_The data_
····················

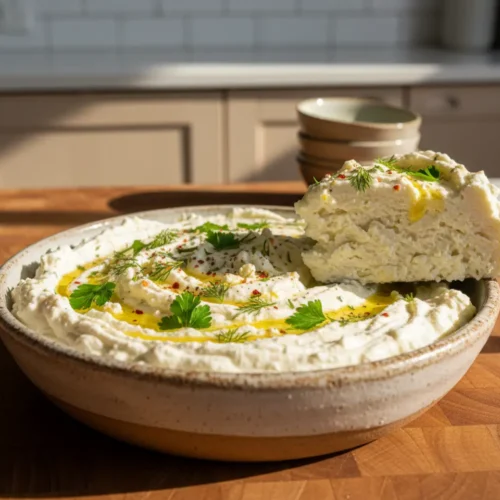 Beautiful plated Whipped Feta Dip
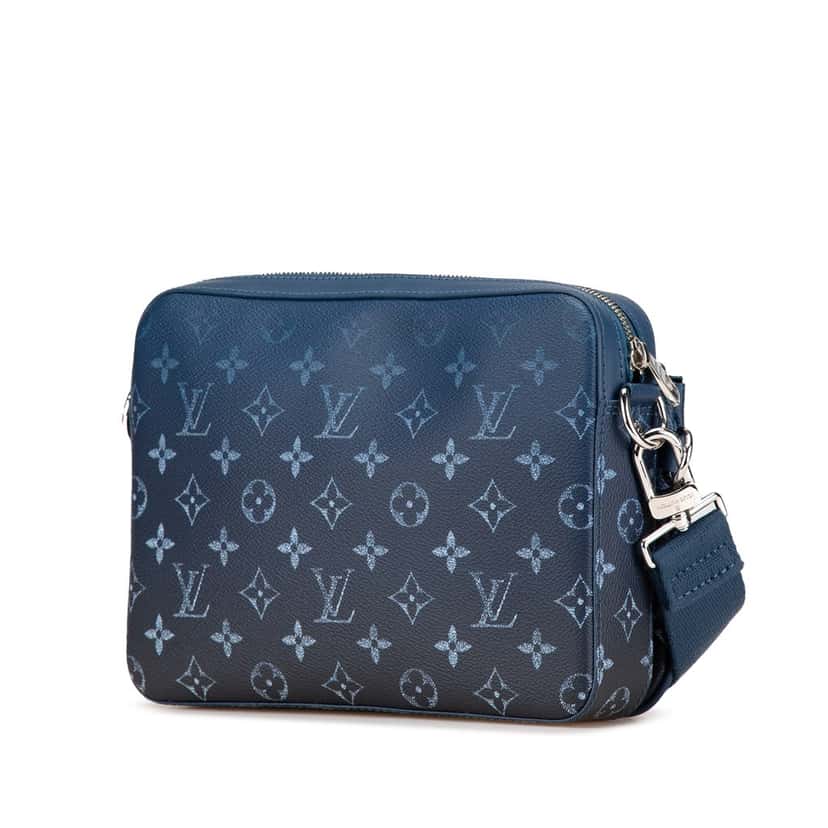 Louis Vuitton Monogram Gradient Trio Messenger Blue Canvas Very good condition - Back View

····················

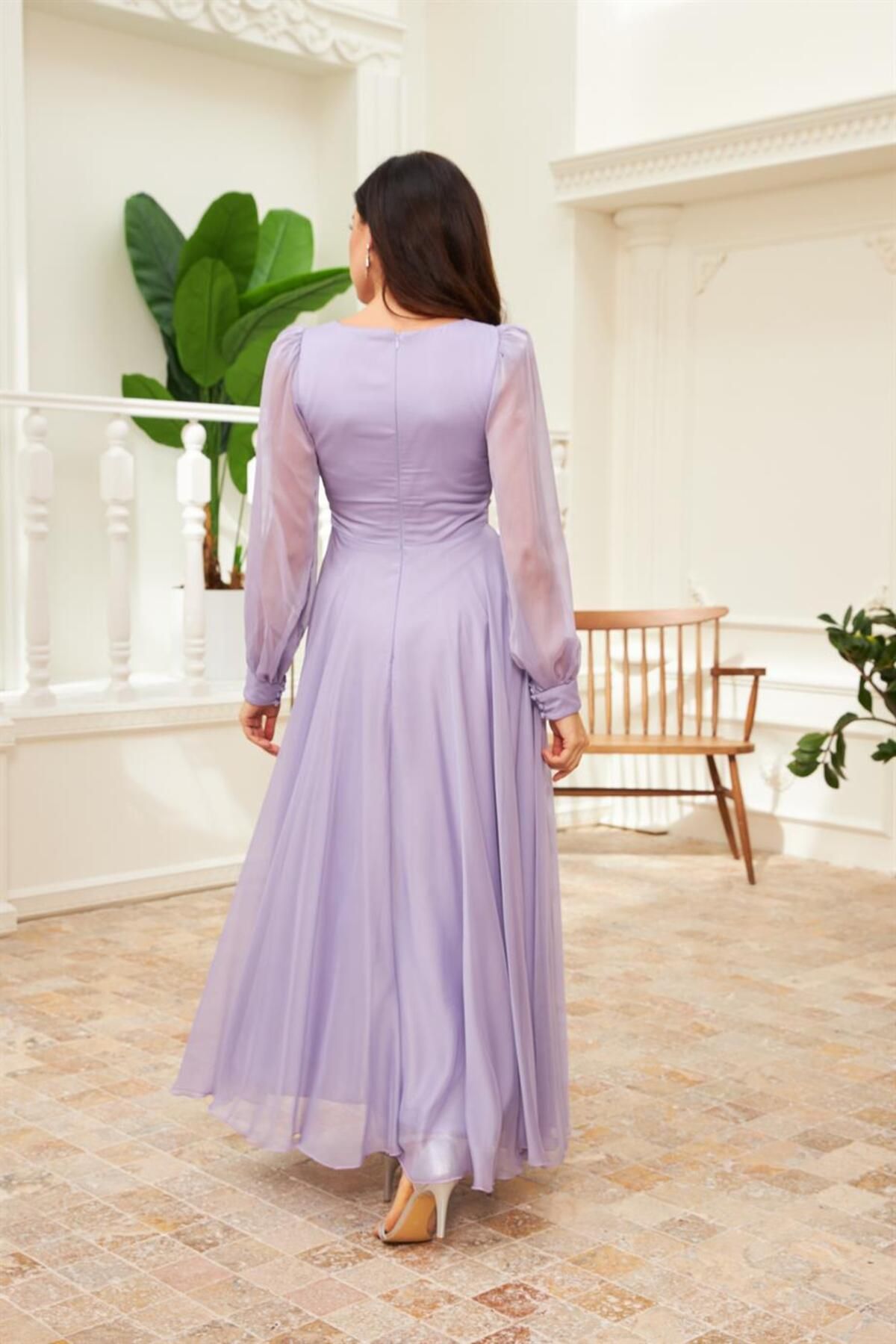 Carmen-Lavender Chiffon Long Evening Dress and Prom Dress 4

····················

_Your instructions_
The line holding "Beautiful plated Whipped Feta Dip" starts the copy and the line holding "Louis Vuitton Monogram" ends it. Repeat those two lines above and all between them exactly, leaving out pictures.

_Written answer_
 Beautiful plated Whipped Feta Dip
 Louis Vuitton Monogram Gradient Trio Messenger Blue Canvas Very good condition - Back View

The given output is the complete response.